## Records shown
***
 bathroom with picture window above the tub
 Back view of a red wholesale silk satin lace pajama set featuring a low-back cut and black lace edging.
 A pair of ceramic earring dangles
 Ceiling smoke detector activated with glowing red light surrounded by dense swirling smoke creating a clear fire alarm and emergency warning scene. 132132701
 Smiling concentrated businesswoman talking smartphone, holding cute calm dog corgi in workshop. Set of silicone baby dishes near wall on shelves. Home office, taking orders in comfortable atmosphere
***
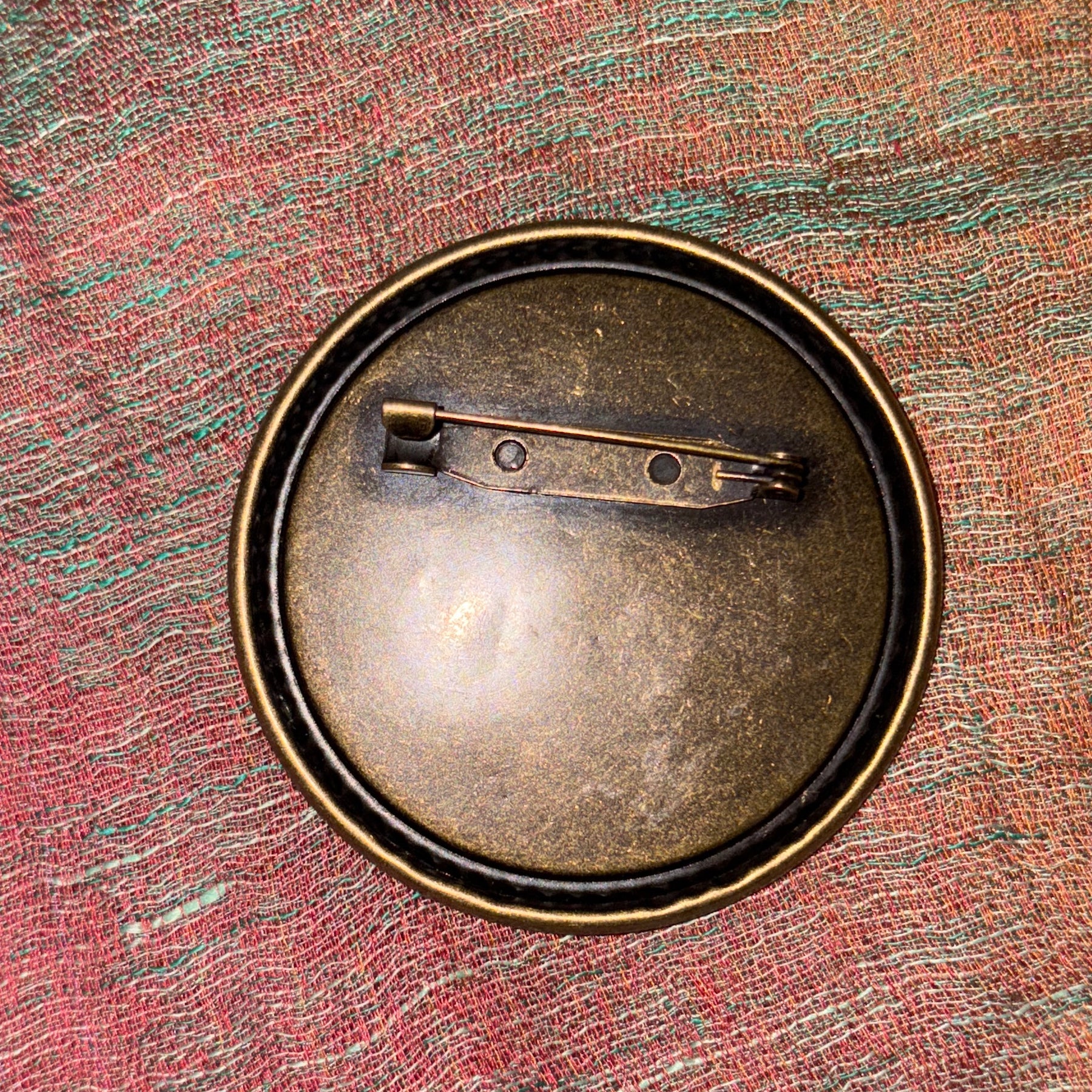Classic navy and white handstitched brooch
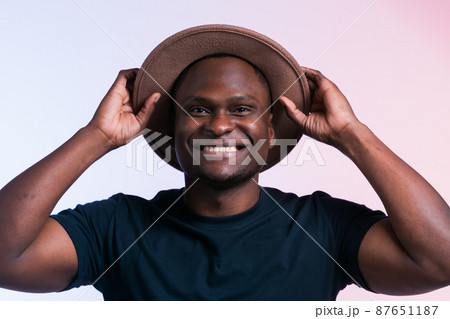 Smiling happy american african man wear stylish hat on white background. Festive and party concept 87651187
***
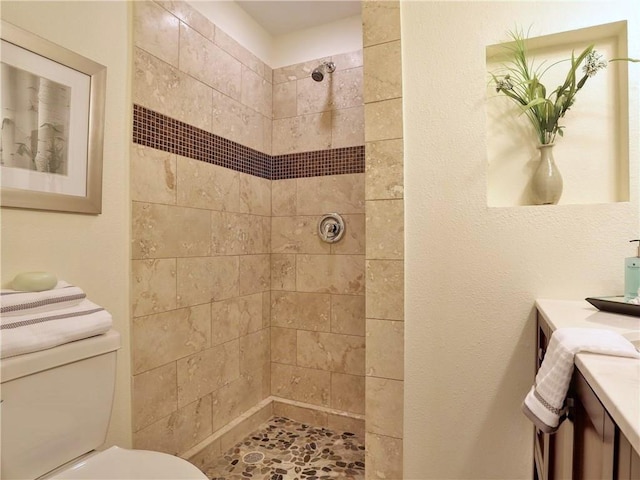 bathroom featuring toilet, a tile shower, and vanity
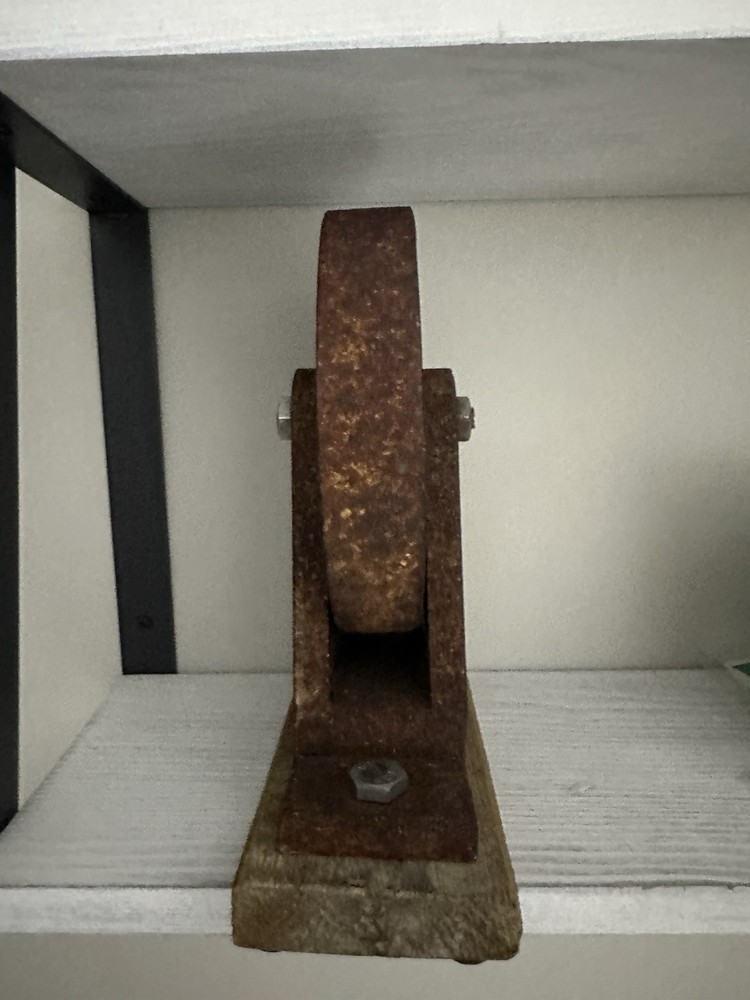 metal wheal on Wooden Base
***
## Exercise brief
Starting at the line above that contains "bathroom featuring toilet, a", transcribe every line exactly through the line that contains "metal wheal on Wooden Base", including that last one, and skip the pictures.

## Expected answer
 bathroom featuring toilet, a tile shower, and vanity
 metal wheal on Wooden Base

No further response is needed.